The electrolyser has a capacity of 0.54cu.m per hour of hydrogen production, and is used to transform electrical energy from the PV panels into chemical energy in the form of hydrogen.

It then electrolyses purified water supplied by a water purification system, producing hydrogen and oxygen which are then vented into the atmosphere. A hydrogen gas purifier then purifies the hydrogen before storing it in a 1,500-litre vertical-standing storage tank outside the house. This hydrogen is then used to run a fuel cell, cooking stove, and boiler for the absorption air-conditioning system.

The storage tank is equipped with a gas management system to ensure safety. Meanwhile, the PV system is interconnected to the utility power grid, with a reversible current flow and controlled by a 5kW solar PV inverter.
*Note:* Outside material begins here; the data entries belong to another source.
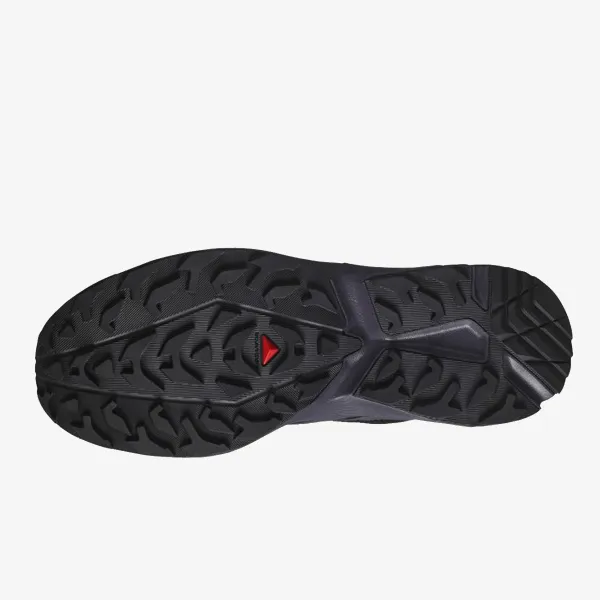 Salomon XT-EVR GTX M 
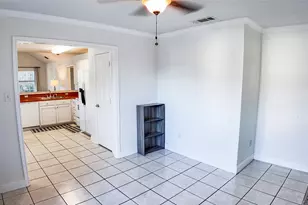 2332 Holly Trail E, Holly Lake Ranch, TX 75765 - Photo 19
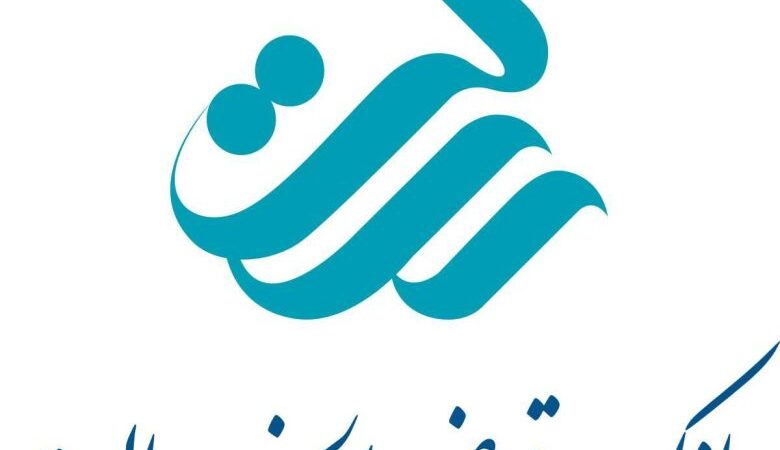 وام یک و نیم میلیاردی بانک رسالت برای کسب‌وکارها؛ شرایط، سود و اقساط را ببینید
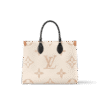louis-vuitton-onthego-mm-other-monogram-canvas-handbags-M46912_PM1_Backview.png Louis Vuitton OnTheGo MM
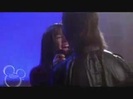 Camp Rock_ Demi Lovato _This Is Me_ FULL MOVIE SCENE (HQ) 8221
When the hydrogen tank is full and household appliances are not in use, the excess electricity will be injected back into the grid.

Prof Kamaruzzaman (right) and Shah checking out the verandah of the eco-house. Manipulating natural ventilation effects helps reduce the use of air-conditioning and cuts down on energy consumption.
On the other hand, if the PV panels do not generate enough electricity to power the electrolysis system, power will be drawn from the grid.

Architectural features

However, the solar-hydrogen production system is not the only unique aspect of the eco-house.
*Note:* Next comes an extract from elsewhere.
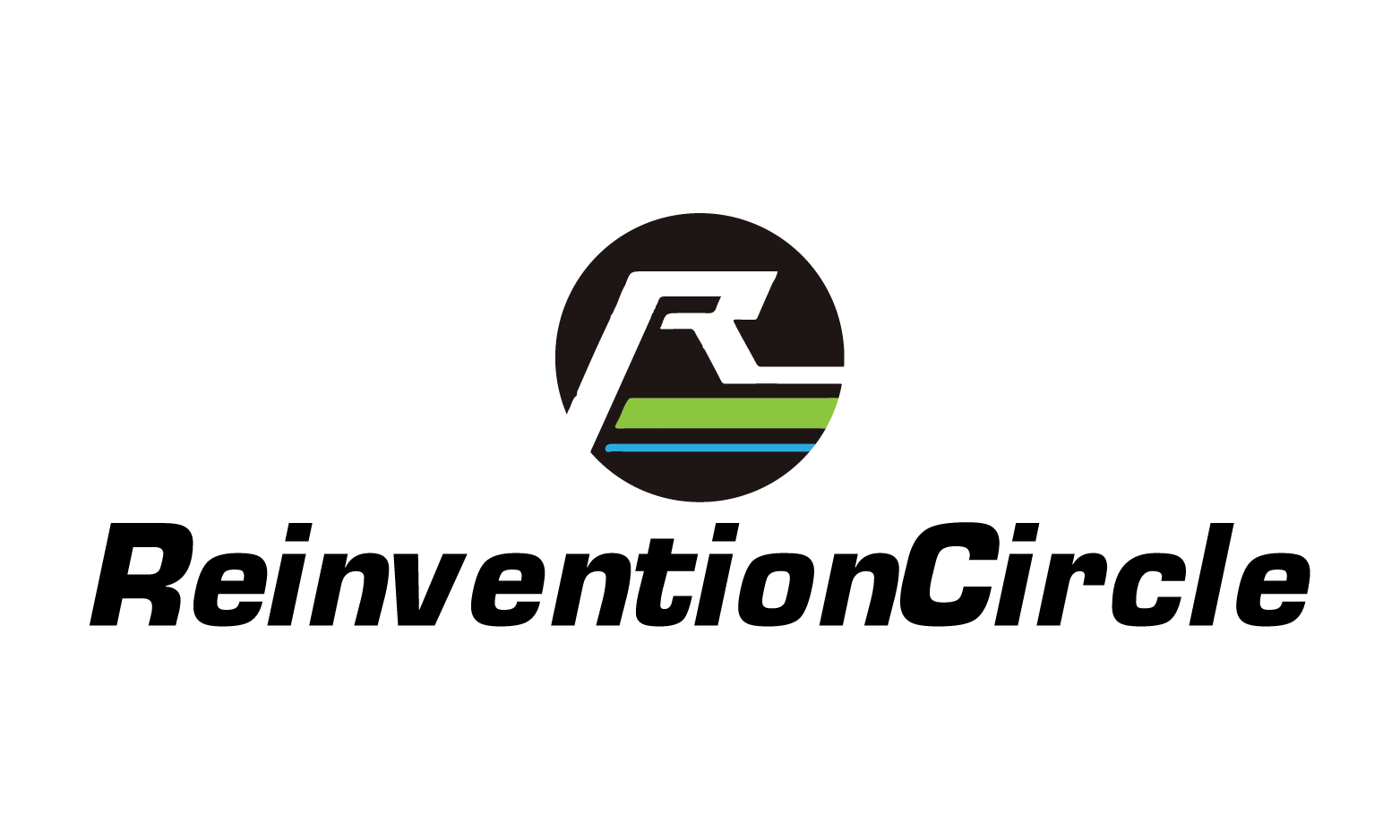 ReinventionCircle.com - buy Creative premium names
For Shah, designing the house proved to be a real challenge because he had to accommodate the professor’s technology and incorporate low energy architectural features such as shading, day-lighting, and at the same time, ensure that people would find the house pleasant enough to live in.

Shah drew inspiration from traditional Malay architecture, which he says possesses a bio-climatic environment and is in harmony with nature.
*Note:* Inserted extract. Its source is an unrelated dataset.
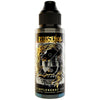 DIMPLEBERRY ICE 100ML BY ZEUS JUICE UKZeus Juice Uk 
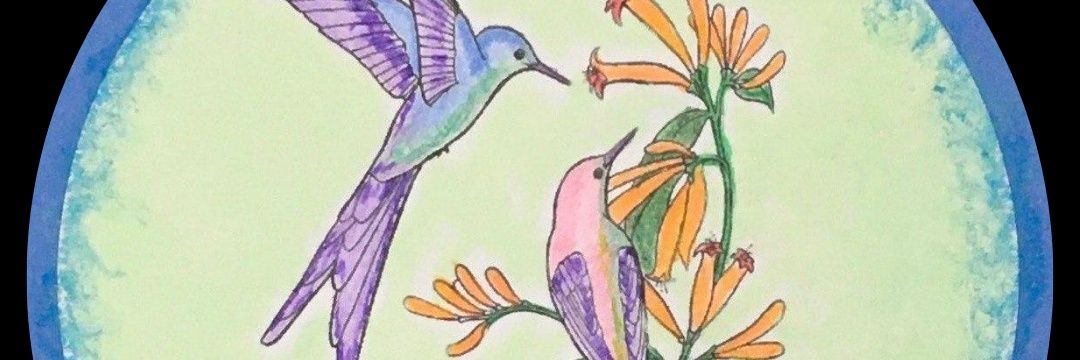 mariibs1's profile banner image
“The raised floor and the serambi (deep veranda) of the house are some of the traditional features I incorporated into the eco-house,” Shah explained. “I wanted to give traditional Malay architecture a modern and contemporary image, and at the same time reflect the technological and environmental aspects of the house.”

Low energy architectural features were also incorporated into the design. One such feature reduces the use of air-conditioning by manipulating natural ventilation effects. The principle relies on air temperature differences between the top and bottom of the building caused by solar radiation that heats the air.

The buoyancy of the warm air causes the air movement to rise vertically through the stack, resulting in a cool breeze running through the house.

Meanwhile, a combination of both classical day-lighting techniques (such as side-lighting and top-lighting) and innovative ideas (sloped light shelves and shading devices) were used, further reducing the usage of energy needed for lighting the house during the day.

In total, Shah took about three to four months to come up with the final design for the eco-house.

Making full use of the limited funds that were available to him was a big challenge, he said. Choosing the right site for the house was another, as they had to make sure that the house PV panels receive optimal solar energy throughout the day for maximum electricity production. They had to place the panels with a suitable tilting angle according to the latitude of the current location, and make sure no shadows will be cast upon them. “The house has to face south, as this is the best way to make sure it receives the optimum amount of sunlight,” said Shah.

While the eco-house is already an achievement in its own right, Kamaruzzaman clarified that the concept was still in the research stage and was not feasible for normal houses.

“In an actual residential dwelling, the noisy electrolysis unit would be placed outside the house unlike this one right now,” he said. “We are still running tests and in the near future plan to have a couple of our students live in the house for a period of time as an experiment.”

Nevertheless, Kamaruzzaman and Shah firmly believe that in the future, house such as their eco-house will be common everywhere.

“I hope in the future there will be whole communities of self-sustainable eco-houses,” said Kamaruzzaman. “Our eco-house is merely one step towards preparing for a cleaner environment and a future in which the world will no longer rely on fossil fuels."